Study Finds Curious Link Between ALS and Men's Golf Habits

It turns out sports like golfing might have a concerning connection to a fatal neurological disease. A recent study published in the Journal of the Neurological Sciences found a potential connection between golf and other recreational activities and the development of amyotrophic lateral sclerosis, known widely as ALS or Lou Gehrig's disease.

Researchers broke down how golfing and activities like gardening, woodworking, and hunting can affect a person's likelihood to develop ALS in later years. Studies in the past have found that many manual labor jobs can be linked to an increased risk for ALS, and the latest research illuminates the potential dangers of golfing on top of different physical activities.

"We know that occupational risk factors, like working in manufacturing and trade industries, are linked to an increased risk for ALS, and this adds to a growing literature that recreational activities may also represent important and possibly modifiable risk factors for this disease," study author Stephen Goutman said in a statement.

Related: Golfers Face Elevated Risk of Developing This Health Problem, Study Finds

The study took place between June 2010 and February 2020. The team examined 400 people living with ALS and asked them about their hobbies five years before the onset of symptoms; 287 people who don't have the disease similarly shared their go-to hobbies in the years before participating in the study. These activities included golf, woodworking, hunting, shooting, and some home renovation.

In the end, the study found that men who play golf may be at three times higher risk of developing ALS in their lives. Female golfers may also be at higher risk, but the numbers weren't high enough for researchers to say so definitively.

"It is surprising that the risk factors we identified appear to be specific to males," Goutman confessed. "While these activities may also increase ALS risk in females, the number of females in our study was too small for us to come to that conclusion."

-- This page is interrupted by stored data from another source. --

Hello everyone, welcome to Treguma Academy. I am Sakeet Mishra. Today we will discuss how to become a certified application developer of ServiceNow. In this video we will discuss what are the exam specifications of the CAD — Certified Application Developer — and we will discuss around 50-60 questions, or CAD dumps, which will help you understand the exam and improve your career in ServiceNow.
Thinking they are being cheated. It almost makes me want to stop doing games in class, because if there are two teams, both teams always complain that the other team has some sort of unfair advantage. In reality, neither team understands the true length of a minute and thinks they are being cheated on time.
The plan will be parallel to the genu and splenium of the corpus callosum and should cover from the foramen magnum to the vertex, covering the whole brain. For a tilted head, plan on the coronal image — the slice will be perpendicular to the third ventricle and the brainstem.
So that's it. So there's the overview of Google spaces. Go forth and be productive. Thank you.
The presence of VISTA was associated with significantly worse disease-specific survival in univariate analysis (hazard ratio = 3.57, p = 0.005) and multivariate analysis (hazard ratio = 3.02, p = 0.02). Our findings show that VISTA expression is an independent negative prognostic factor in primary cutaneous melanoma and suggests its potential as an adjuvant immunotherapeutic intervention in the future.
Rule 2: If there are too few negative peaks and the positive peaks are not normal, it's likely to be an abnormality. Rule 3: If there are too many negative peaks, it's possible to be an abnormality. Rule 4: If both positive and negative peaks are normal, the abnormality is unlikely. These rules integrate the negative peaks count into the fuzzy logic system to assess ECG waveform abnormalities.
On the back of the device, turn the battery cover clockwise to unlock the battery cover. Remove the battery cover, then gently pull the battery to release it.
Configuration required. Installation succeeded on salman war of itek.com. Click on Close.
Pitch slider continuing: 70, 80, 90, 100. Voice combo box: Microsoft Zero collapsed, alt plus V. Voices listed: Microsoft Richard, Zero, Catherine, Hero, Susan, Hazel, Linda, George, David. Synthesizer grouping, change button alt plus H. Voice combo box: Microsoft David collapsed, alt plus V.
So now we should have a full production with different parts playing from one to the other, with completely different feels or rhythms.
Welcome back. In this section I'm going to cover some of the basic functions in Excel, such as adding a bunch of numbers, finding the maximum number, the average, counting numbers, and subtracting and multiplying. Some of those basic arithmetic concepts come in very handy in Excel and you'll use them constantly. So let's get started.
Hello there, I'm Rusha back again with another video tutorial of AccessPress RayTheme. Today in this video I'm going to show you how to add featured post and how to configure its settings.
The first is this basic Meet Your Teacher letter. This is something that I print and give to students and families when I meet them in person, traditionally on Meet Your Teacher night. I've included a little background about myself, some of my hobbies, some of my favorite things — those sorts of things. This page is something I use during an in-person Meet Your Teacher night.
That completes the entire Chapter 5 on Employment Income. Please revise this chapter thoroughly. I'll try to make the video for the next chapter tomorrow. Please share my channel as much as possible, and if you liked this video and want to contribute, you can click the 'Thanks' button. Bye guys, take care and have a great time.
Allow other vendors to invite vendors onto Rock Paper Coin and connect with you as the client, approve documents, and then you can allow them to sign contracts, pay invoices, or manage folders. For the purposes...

Still, don't let the study keep you from the tee box. The scientists say it's too early for medical professionals to advise their patients to stop golfing. Instead, they want more research done in the future to find the best options for dealing with ALS. "Future studies should include these activities to pinpoint how they can be understood in the context of ALS prevention, diagnosis, and treatment," Goutman said. For now, it remains a correlation rather than a causation.

It's ultimately best to try and stay as active as possible, even if it means playing golf or doing some home remodeling.